The first disc includes an audio commentary with writer-director-producer James L. Brooks and editor Richard Marks. Rather appropriately, Brooks starts off with talking about the genesis of the film and how the success of Terms of Endearment affected it. He points out the bits in the film that came from his extensive research and touches upon the casting of the lead roles – for example, Holly Hunter was a last minute addition.

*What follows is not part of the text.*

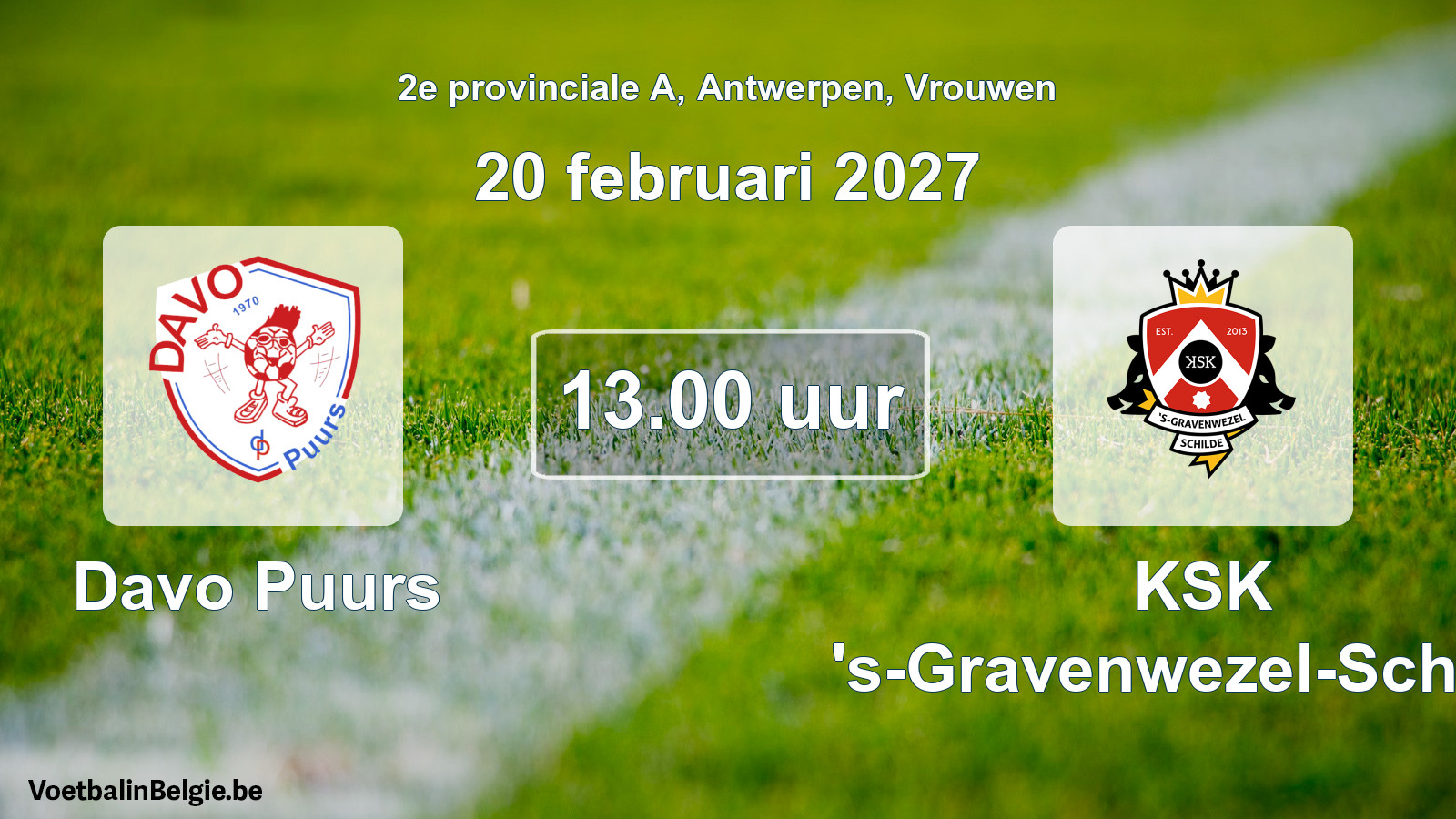 Geplande wedstrijd vrouwenvoetbal: Davo Puurs - KSK 's-Gravenwezel-Schilde (20 februari 2027)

Brooks is refreshingly candid and tells all kinds of fascinating filming anecdotes.
Also included is a theatrical trailer.
The second disc starts off with a 36-minute documentary entitled, James L. Brooks – A Singular Voice, with past collaborators singing his praises. It starts off with his trailblazing work in T.V. with 227, The Mary Tyler Moore Show and The Simpsons and how he helped change the medium. It also examines his transition into film and the success of Terms and how it led to Broadcast News.
There is an alternate ending and 19 minutes of deleted scenes with optional commentary by Brooks. The ending is quite visceral and emotionally raw but is fascinating alternative to what is in the final film. For the deleted footage, Brooks talks about why it was cut and puts it into context. Interestingly, an entire subplot involving Tom and his news source was cut out.
Also included is an interview with Susan Zirinsky, a veteran CBS News producer, one of the models for Jane in the film, and an advisor and associate producer. She talks about meeting Brooks for the first time as well as telling amusing and engaging anecdotes that really shed light on how truthful the film is about journalism. This is a fantastic extra and one of the highlights of this edition.
There is a promotional featurette done at the time of the film’s release that, at times, plays like an extended trailer only with perceptive interview soundbites from Brooks and the cast. Still, it is interesting to watch. Even better is additional interviews and on-set footage not included in the featurette that runs an impressive 18 minutes. It provides quite a bit of insight into Brooks’ intentions and how the film got made.